• [Work request]:
The required output is the lines from the one with "Private boat rental" through the end of the data, repeated verbatim, with no pictures included.

Data START

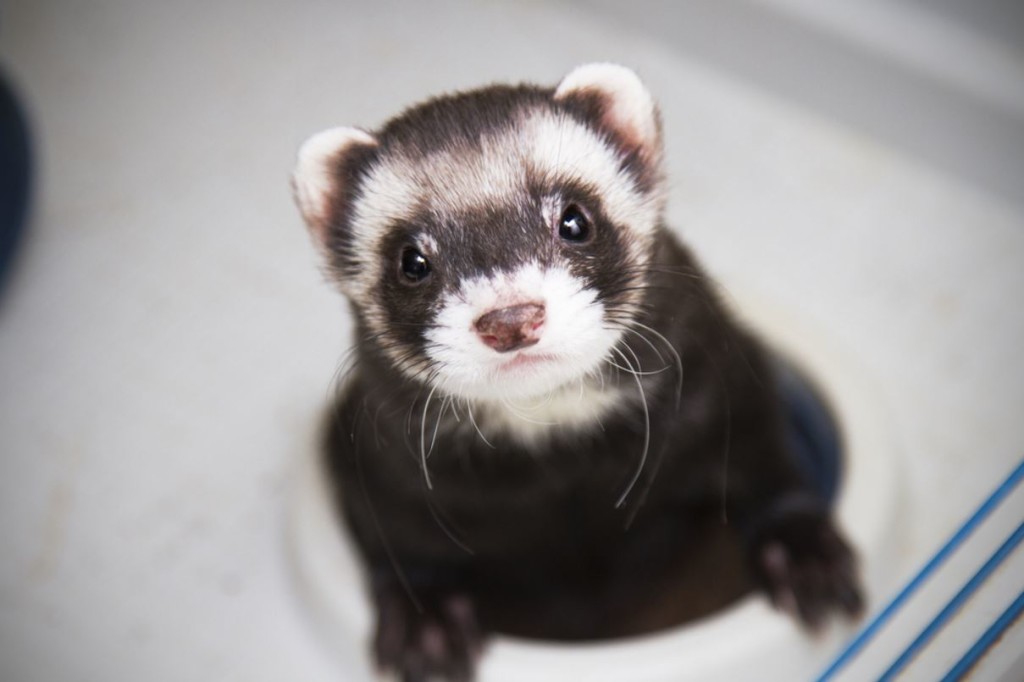 Ferret service animal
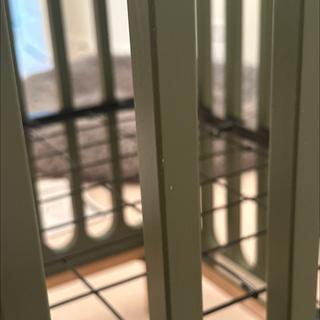 Submitted by Emily S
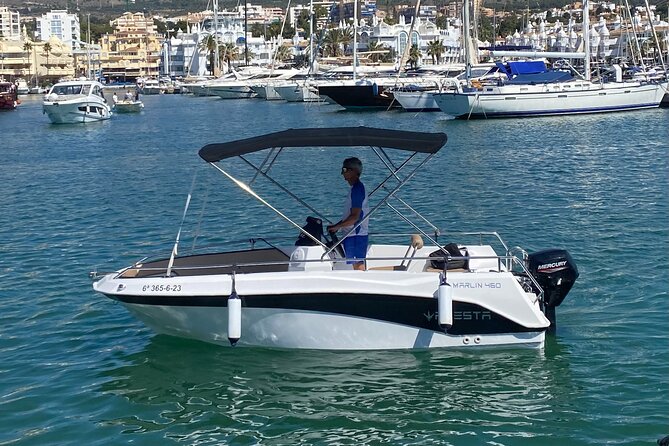 Private boat rental without title dolphin watching - Key things to know before you sail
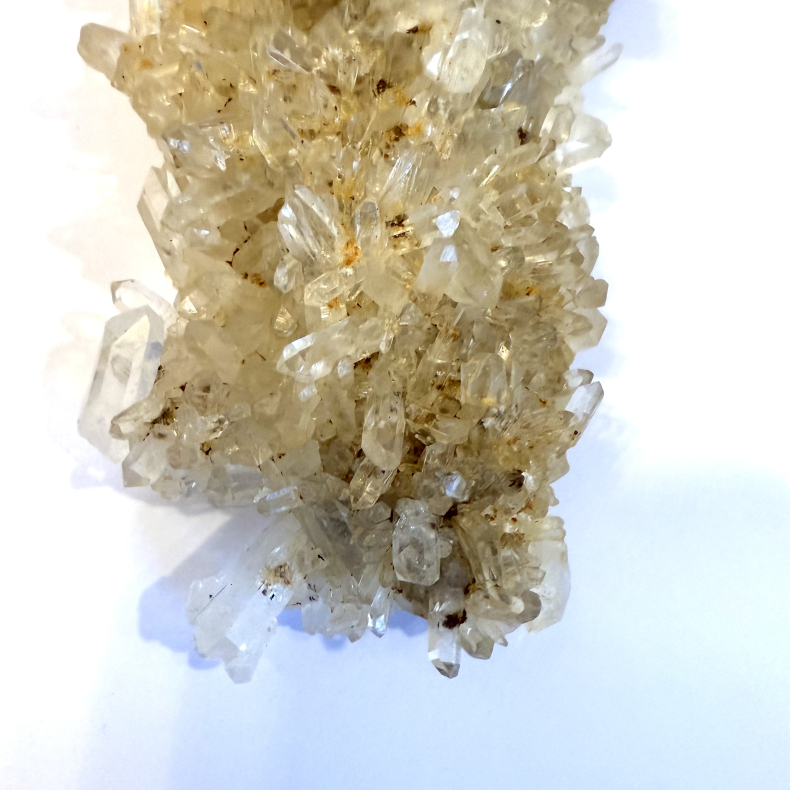 Golden healer klynge B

Data END

• [Task answer]:
 Private boat rental without title dolphin watching - Key things to know before you sail
 Golden healer klynge B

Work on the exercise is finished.